Windows has a lot of problems, but if you're just looking to play games without too much complexity... It's as close to "it just works" as I can imagine getting without switching to a console (or limiting myself to the few games that work on Apple devices, I guess).
Plus, big argument, it's familiar. You can forgive more annoyances when you're not learning something new. Humans are just lazy like that.
First and foremost, I do think Windows is the better choice for most people to play games on, mostly due to vendor support.
However, I'd say that a lot of people have some sort of issue with Windows, albeit probably less than they would have with some Linux distributions. I just wanted to express that "without headaches" is a goal that is maybe higher than necessary.
The owner of the machine is the owner of the secure boot keys.
J4k3, hope youre doing alright dude.
Got a question you may be able to help me with. I have never changed my secure boot key on my motherboard after switching from windows. Do I need to worry about anything? If I don't, what's the pros and cons and what not.
I remember reading that there's some sort of potential issues with keys from windows if you're a Linux user a few months back.
not j4k3 but my understanding is that the default keys are expiring soon and need to be rotated, and the rotation is up to your Mobo OEM to push out (?).
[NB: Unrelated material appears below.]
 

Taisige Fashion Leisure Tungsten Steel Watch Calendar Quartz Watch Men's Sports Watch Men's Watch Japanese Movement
I am not entirely sure that is correct, but I think it is.
Pros and cons of your own key: Pros: its your key, so youre responsible for your security
Cons: its your key, so youre responsible for your security
I did the smart thing and saved my keys in DropBox!
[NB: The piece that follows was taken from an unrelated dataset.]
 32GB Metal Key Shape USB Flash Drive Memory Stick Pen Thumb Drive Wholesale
You can generate your own keys. Here are two PDF links I copied just now from a post I made 2 years ago here. I don't keep these white listed, so I did not check them for connecting. The first is the official UEFI overview. The second is a great guide from the US government detailing exactly how to set the keys. If that link doesn't work, pull out the document number from the link and search for it. Gentoo and Arch have guides on this. Fedora has the most advanced pre Linux init system in my opinion.
If you have secure boot enabled, and you are using the shim from fedora or ubuntu, then yes you need to worry about it if you want to dual boot with w11.
Can someone enlighten me as to what is M$ doing this time?
I had to install windows the other day on my kids laptop, and had to skip like 10 screens of Microsoft ads and then disable OneDrive, but saw nothing about Dropbox.
Edit: my household has been using Mint for a few years now, the m$ enshitification was just too much for us. I only had to install windows on my kids school laptop because they won't accept anything else...
In this particular case, it's not windows since they started pushing one drive.
It's probably the PC manufacturer being paid by Dropbox to install it with system utilities.
anon, it's time to uninstall windows
Fake: anon existed happily Gay: lets daddy Satya penetrate their machine
All I use dropbox for these days is synchronizing various extensions to it as a cloud backup service. Like Violentmonkey (userscripts) and Stylus (userstyles, like for making lemmy look nicer) to mention the two that come to mind.